Complex & Intelligent Systems (Jul 2024)
CL-fusionBEV: 3D object detection method with camera-LiDAR fusion in Bird’s Eye View
Abstract
Abstract In the wave of research on autonomous driving, 3D object detection from the Bird’s Eye View (BEV) perspective has emerged as a pivotal area of focus. The essence of this challenge is the effective fusion of camera and LiDAR data into the BEV. Current approaches predominantly train and predict within the front view and Cartesian coordinate system, often overlooking the inherent structural and operational differences between cameras and LiDAR sensors. This paper introduces CL-FusionBEV, an innovative 3D object detection methodology tailored for sensor data fusion in the BEV perspective. Our approach initiates with a view transformation, facilitated by an implicit learning module that transitions the camera’s perspective to the BEV space, thereby aligning the prediction module.
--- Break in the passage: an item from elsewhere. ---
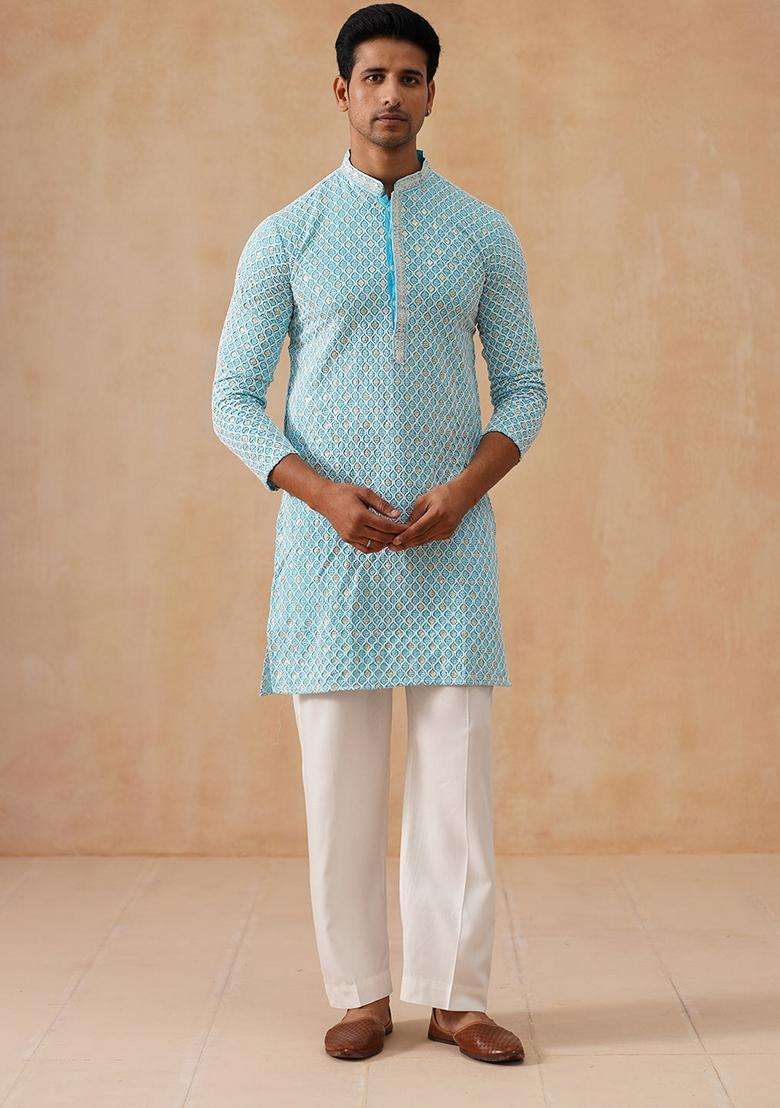 Sky Blue Embroidery Cotton Kurta Pyjama Set For Men - Indya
Subsequently, to achieve modal fusion within the BEV framework, we employ voxelization to convert the LiDAR point cloud into BEV space, thereby generating LiDAR BEV spatial features. Moreover, to integrate the BEV spatial features from both camera and LiDAR, we have developed a multi-modal cross-attention mechanism and an implicit multi-modal fusion network, designed to enhance the synergy and application of dual-modal data. To counteract potential deficiencies in global reasoning and feature interaction arising from multi-modal cross-attention, we propose a BEV self-attention mechanism that facilitates comprehensive global feature operations. Our methodology has undergone rigorous evaluation on a substantial dataset within the autonomous driving domain, the nuScenes dataset. The outcomes demonstrate that our method achieves a mean Average Precision (mAP) of 73.3% and a nuScenes Detection Score (NDS) of 75.5%, particularly excelling in the detection of cars and pedestrians with high accuracies of 89% and 90.7%, respectively. Additionally, CL-FusionBEV exhibits superior performance in identifying occluded and distant objects, surpassing existing comparative methods.